• _WHAT THE TASK REQUIRES_
Starting at the line that contains "YUKIMI Premium Pet" and stopping at the line that contains "Diapers 'Active Baby' 5 (11-16 kg), 64 pcs", transcribe every line of the material below exactly; pictures stay out.

GIVEN INFORMATION section start

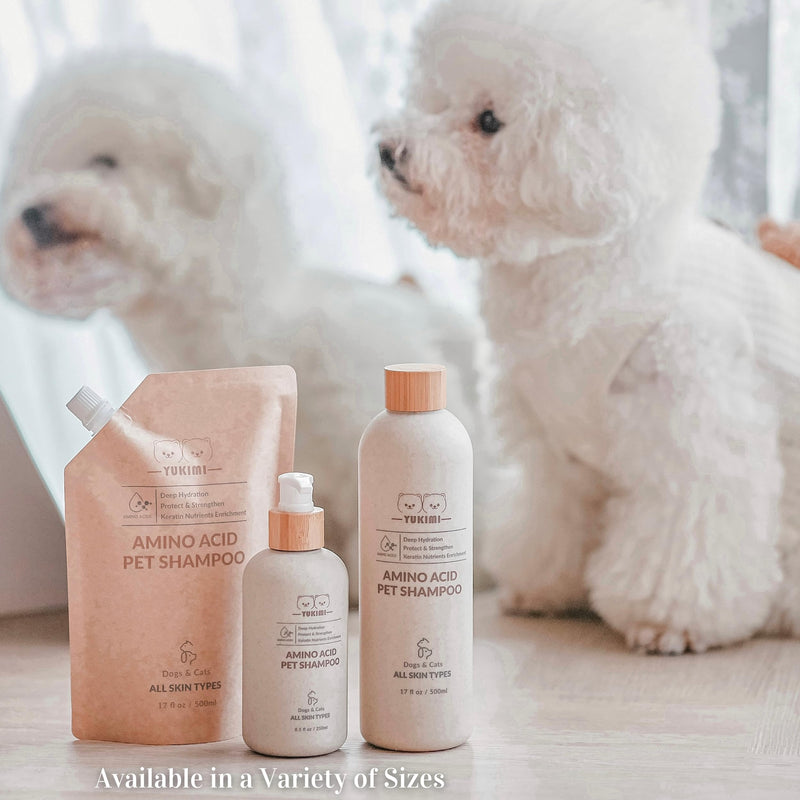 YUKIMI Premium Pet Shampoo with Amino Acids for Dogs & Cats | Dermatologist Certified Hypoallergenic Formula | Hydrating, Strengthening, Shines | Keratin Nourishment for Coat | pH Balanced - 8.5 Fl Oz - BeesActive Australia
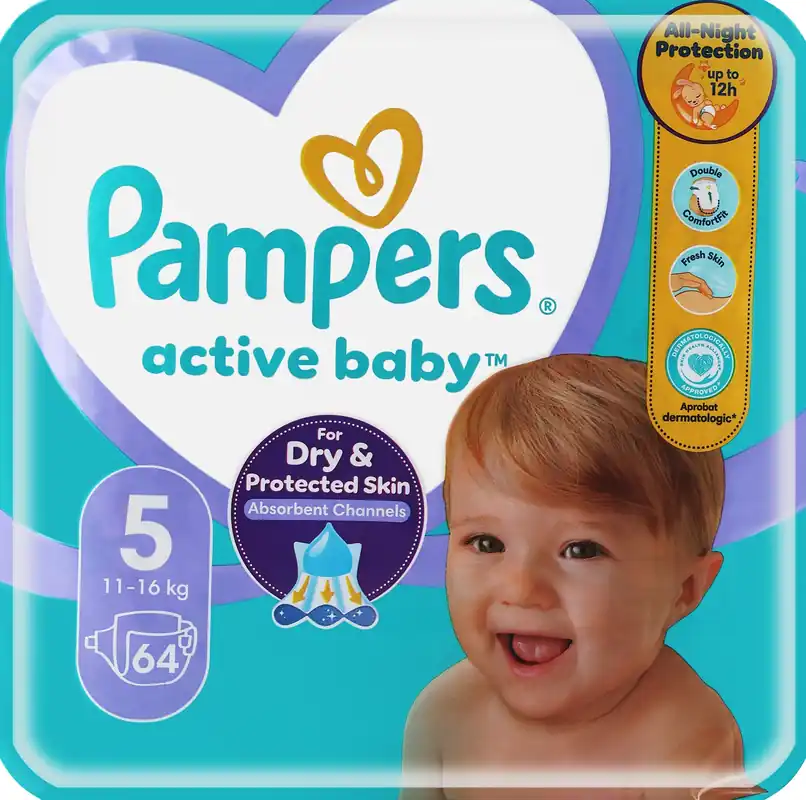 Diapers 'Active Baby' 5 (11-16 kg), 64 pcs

GIVEN INFORMATION section end
GIVEN INFORMATION section start

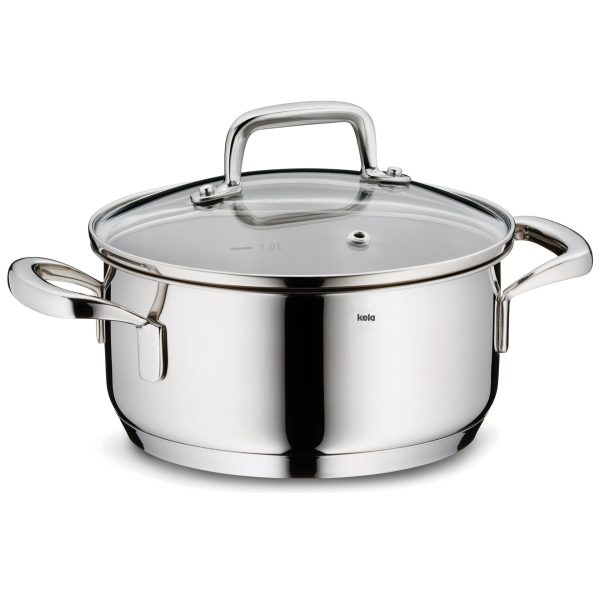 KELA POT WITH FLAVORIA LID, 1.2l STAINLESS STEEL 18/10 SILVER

GIVEN INFORMATION section end

• _ANSWER BELOW_
 YUKIMI Premium Pet Shampoo with Amino Acids for Dogs & Cats | Dermatologist Certified Hypoallergenic Formula | Hydrating, Strengthening, Shines | Keratin Nourishment for Coat | pH Balanced - 8.5 Fl Oz - BeesActive Australia
 Diapers 'Active Baby' 5 (11-16 kg), 64 pcs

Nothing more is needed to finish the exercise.